Task goal: From the line that contains "Mahindra Xuv500 W9" to the end of the entries, copy each line exactly, though the pictures stay out.

Entries taken from a collection
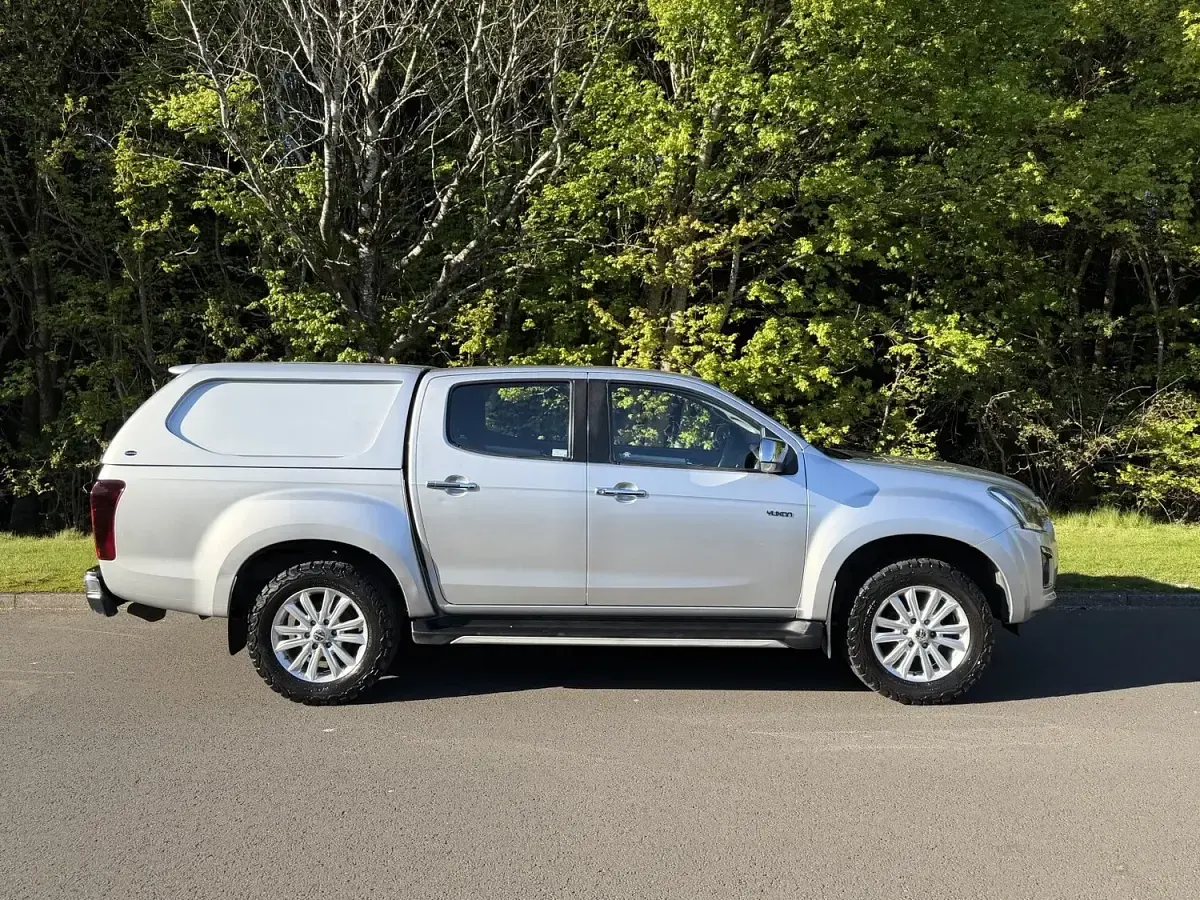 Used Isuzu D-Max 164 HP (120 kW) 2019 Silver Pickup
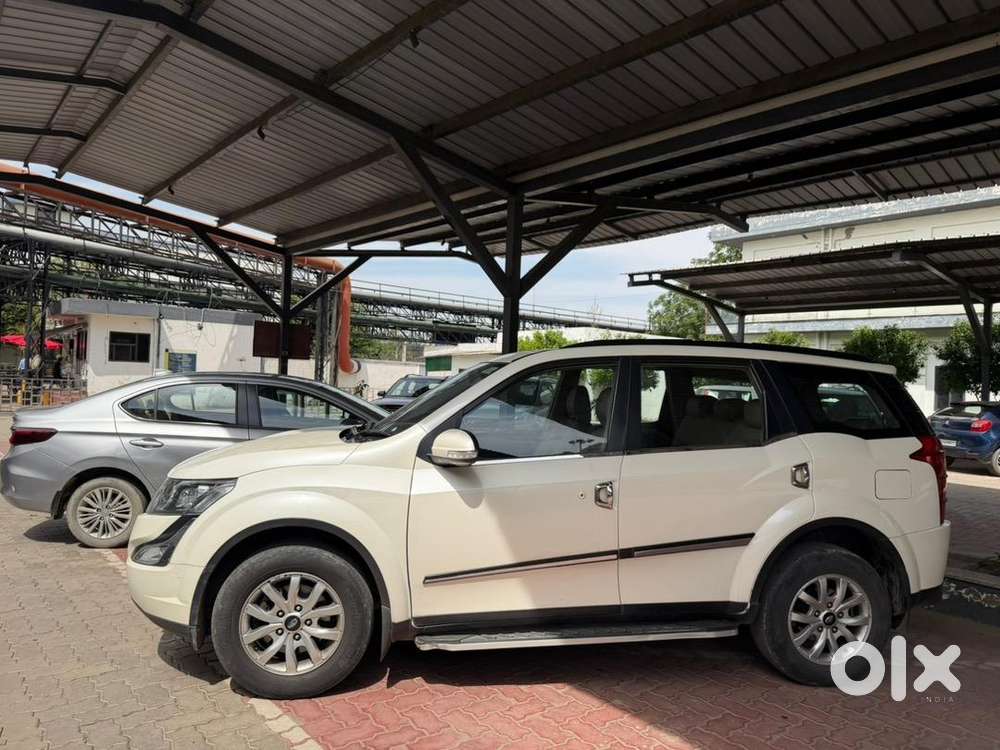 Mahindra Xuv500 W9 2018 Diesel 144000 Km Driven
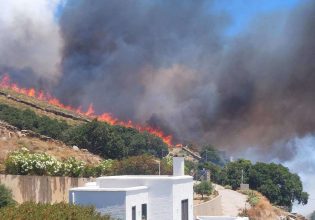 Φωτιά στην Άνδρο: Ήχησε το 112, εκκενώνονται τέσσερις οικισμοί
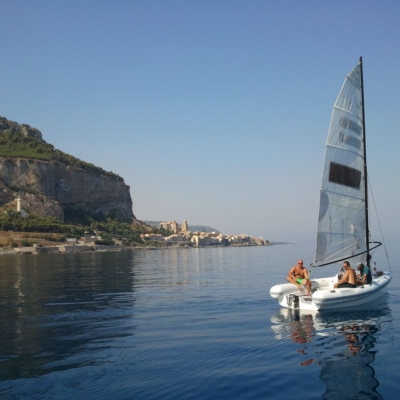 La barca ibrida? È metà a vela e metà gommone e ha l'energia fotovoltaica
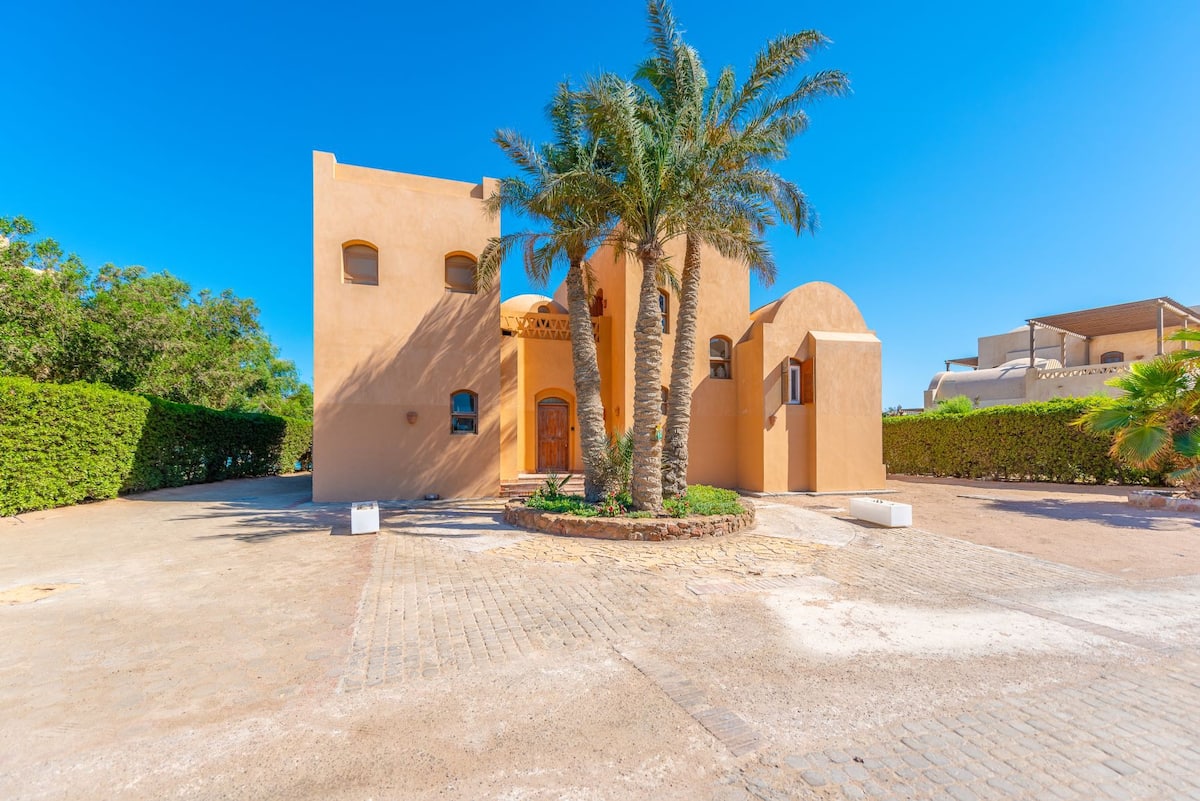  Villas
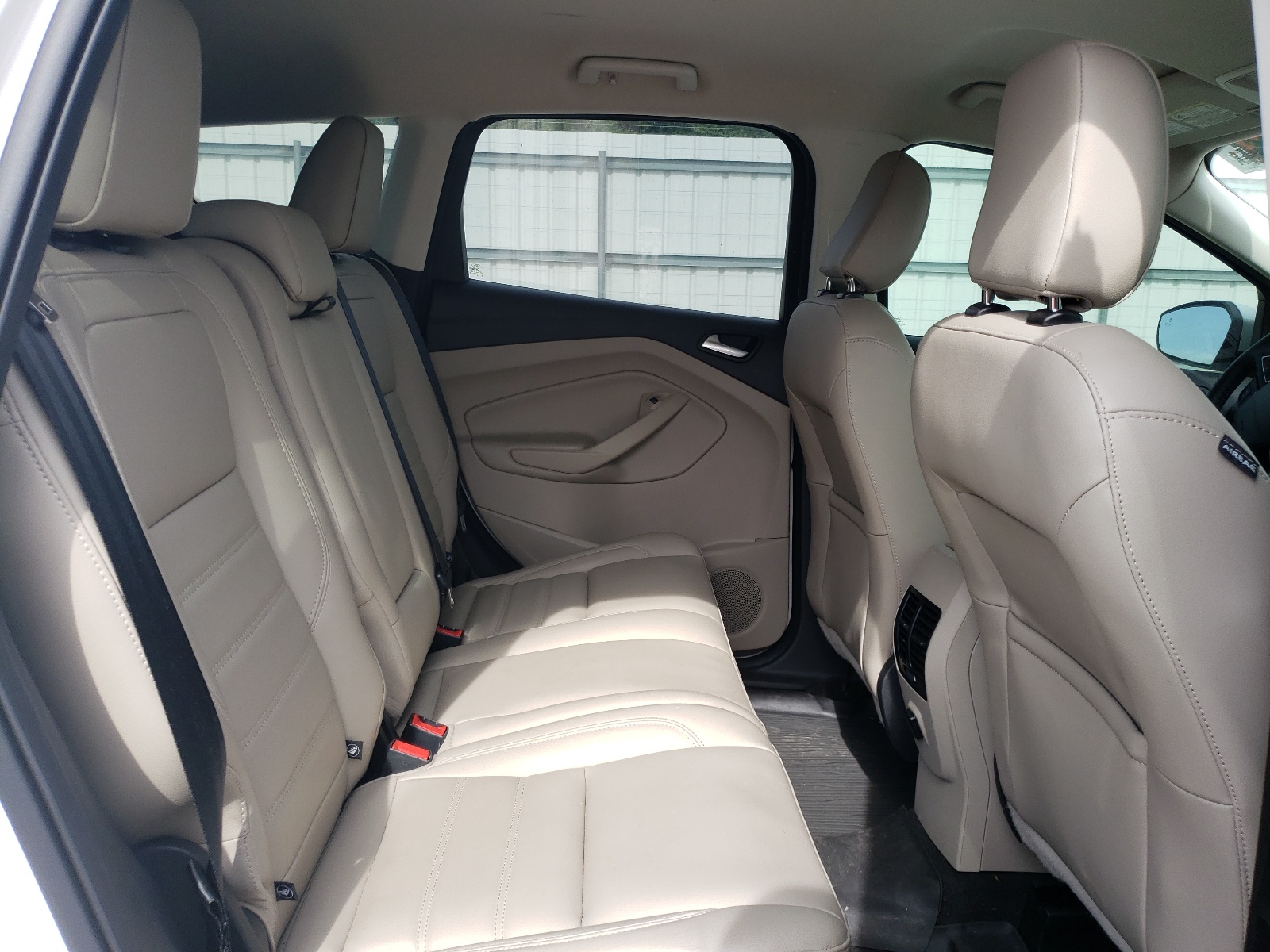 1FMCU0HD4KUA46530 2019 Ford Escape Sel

Solution below:
 Mahindra Xuv500 W9 2018 Diesel 144000 Km Driven
 Φωτιά στην Άνδρο: Ήχησε το 112, εκκενώνονται τέσσερις οικισμοί
 La barca ibrida? È metà a vela e metà gommone e ha l'energia fotovoltaica
  Villas
 1FMCU0HD4KUA46530 2019 Ford Escape Sel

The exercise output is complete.